Summary of binning performance for 31 ICoVeR-refined genome bins initially assigned with different binning algorithms for AD microbiome dataset

Binning algorithm

Average completeness (%)

Average contamination (%)

F1 (%)

MetaBAT_1

66.3

1.4

75.4

MetaBAT_2

70.4

2.2

79.3

MyCC

78.3

8.9

82.5

CONCOCTa

87.3

42.7

56.9

ICoVeR

76.6

1.8

84.4

aThe relatively lower performance of CONCOCT on the AD microbiome dataset may be attributed to the loss of precision due to insufficient number of samples analysed (accuracy starts to decrease below 50 samples). Results for ICoVeR are highlighted in bold font

Visualization and refinement of AD microbiome bins with ICoVeR

Although visualization with ICoVeR facilitates whole community analysis, for some datasets of high microbial complexity, the refinement process of all generated genome bins might be time-consuming. Here, we used CheckM to estimate the completeness and contamination of the resulting MetaBAT, CONCOCT and MyCC genome bins in order to prioritize most complete genome bins for further refinement with ICoVeR (Tables 2 and 3). In total, we selected 31 genome bins with around 50% of completeness, based on the CheckM results for the different automated binning algorithms (these bins can be visualised using a running instance of the tool preloaded with AD microbiome dataset; http://icover.list.lu:4200/ocpu/user/icover/library/ICoVeR/www/). A step-by-step description on how to load the data and refine contig bins is provided online for a few ICoVeR-refined genome bins (https://git.list.lu/eScience/ICoVeR/wikis/home/).
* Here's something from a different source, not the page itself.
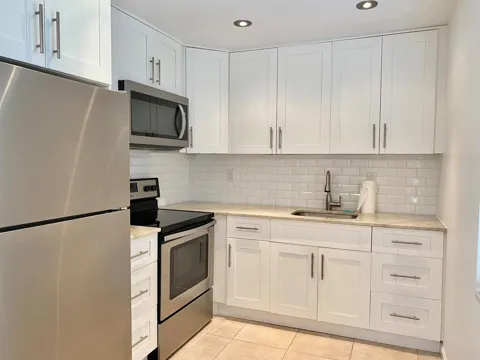 418 PIEDMONT I #418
None of the automated binning algorithms produced a single set of genome bins with highest completeness and lowest contamination (Table 2). Data visualization with ICoVeR helped to improve the completeness and to reduce the contamination for 23 out of 31 refined genome bins. Average completeness of ICoVeR-refined genome bins equaled 76.6% and contamination 1.8%. Even though the genome bins generated with CONCOCT and MyCC were in general more complete than the ICoVeR-refined bins, they both had higher levels of contamination (Table 3). Among the different binning algorithms, an average F1 score was the highest for ICoVeR-refined genome bins. Except for one genome bin, none of the ICoVeR-refined bins was characterized with the contamination exceeding 5%. Further tracking and visualization of pair-end reads mapping to assembled contigs, showed that out of nearly 15,000 good end connections, only 3.85% were between the contigs assigned to the different ICoVeR-refined genome bins (Fig. 2). This relatively low number of displayed inter-bin pair-end read connections confirms the overall low CheckM estimates of ICoVeR-refined bins contaminations (Table 2). On the other hand, this information could be integrated to the future release of ICoVeR to further improve the refinement process.
Fig. 2

Visual representation of the paired-end connections for contigs grouping into the resulting genome bins for the AD microbiome dataset. Intra- (between the contigs inside the same bin) and inter-bin (between the contigs assigned to two different bins) paired-end contig connections are displayed as grey and red lines, respectively

Metagenomic abundance of the refined genome bins was in a range from 22.3% (bin 1) to 0.1% (bin 29). Their size varied from 0.5 Mb (bin 29; 14.6% complete) to 3.37 Mb (bin 2, 96.6% complete). The GC content ranged from 35.8% (bin 23) to 59.9% (bin 6). Except for bin 6 that was assigned to Euryarchaeota, all other refined genome bins were of bacterial origin. Further biological interpretation of the obtained results is outside of the scope of the present paper and will be discussed elsewhere (manuscript in preparation).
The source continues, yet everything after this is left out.